Dream: The Story of the Everly Brothers at Stages (July 22-September 4)
Country rock pioneers the Everly Brothers get their stage homage in this world premiere musical from Ben Hope and Eric Anthony, two of the creators of another musical bio/tribute hit at Stages, Ring of Fire: The Music of Johnny Cash.
One of the first 10 artists inducted into the Rock and Roll Hall of Fame, the Everly Brothers were known for tight harmonies and steel-string acoustic guitar. Hope and Anthony play tribute to these legends as they share the music and stories of the Everly Brothers weaved among their own tales of influences, music making, and family.
With more than 25 songs, from No. 1 hits to deep cuts, Dream showcases the full humanity of the Everly Brothers and the rich legacy.
H.M.S Pinafore from The Gilbert & Sullivan Society of Houston (July 23-31)
To celebrate its 70th anniversary, the Gilbert & Sullivan Society will launch the most operatic of parties on the Hobby Center’s Zilkha stage.
In this Gilbert and Sullivan fan favorites filled with the most memorable numbers, a sailor falls in love with the captain's daughter, but they can’t be together due to his lowly station in life.

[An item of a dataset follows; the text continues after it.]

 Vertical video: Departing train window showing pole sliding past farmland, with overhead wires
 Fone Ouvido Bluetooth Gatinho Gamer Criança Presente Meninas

At the same time, the high-ranking First Lord of the Admiralty, played by stage director Alistair Donkin, seeks the daughter's hand for himself.

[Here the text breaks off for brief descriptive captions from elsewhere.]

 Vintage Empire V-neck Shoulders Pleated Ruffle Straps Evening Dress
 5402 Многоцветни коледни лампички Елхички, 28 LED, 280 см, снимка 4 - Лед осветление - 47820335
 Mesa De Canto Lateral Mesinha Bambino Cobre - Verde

After participating in Gilbert & Sullivan’s summer productions for the last 40 years, Pinafore will be Alistair Donkin’s curtain call production, and the last chance to see the G&S veteran in one of his most famous roles.
King Lear and Cymbeline from Houston Shakespeare Festival (July 28-August 6)
After two years, one of Houston’s favorite theatrical traditions is finally back home at Miller Outdoor Theater.
Since 1975, the University of Houston Department of Theatre and Dance has partnered with the city to bring free summer Shakespeare to Hermann Park, and this year, the festival offers quite the pairing. Though King Lear is one of English theater’s greatest tragedies, the festival hasn’t staged this monumental story of family betrayal, love, loyalty and madness in 20 years.
On alternate nights, dive into Cymbeline, a fairytale romance that some consider one of Shakespeare’s most complex and occasionally perplexing comic plots. Long-lost siblings, a wicked stepmother, cross-dressing, conniving royals, (in)fidelity tests, mistaken identity, and forest shenanigans all included.
Runaways from On the Verge Theatre (August 5-21)
Houston’s newest theater company, founded by two Houston director veterans, Bruce Lumpkin and Ron Jones, begins its inaugural season with this provocative, ’70s musical based on real stories of teen runaways.
Don’t expect late-20s and 30-something actors to play the characters; instead, the roles will be performed exclusively by students from Houston area high schools and colleges — adding a layer of casting authenticity.
Structured as a collection of songs, dances, and spoken word pieces, the show might serves as an intriguing look into this new company’s mission and theatrical point of view. While On the Verge has plans for shows in unusual venues and locations, Queensbury Theatre will host this first musical.
Mean Girls from Broadway at Hobby Center (August 16-21)
In the early oughts, Tina Fey tried to make a comic/anthropology film about the cutthroat world of high school popularity wars happen, and girl, did it ever happen. The movie’s plot, characters, and cutting lines quickly became pop culture staples. In 2018, Fey partnered with husband Jeff Richmond (music) and Nell Benjamin (lyrics) to turn the story into a smash musical.
While the pandemic might have confiscated their Burn Book for a few years, no one keeps these Mean Girls down for long. Now Cady, Regina, Gretchen (played by Houston nice girl and TUTS Tommy Tune Award winner Jasmine Rogers), and the rest of the girl gang head to Hobby to sing their way to the top of the class.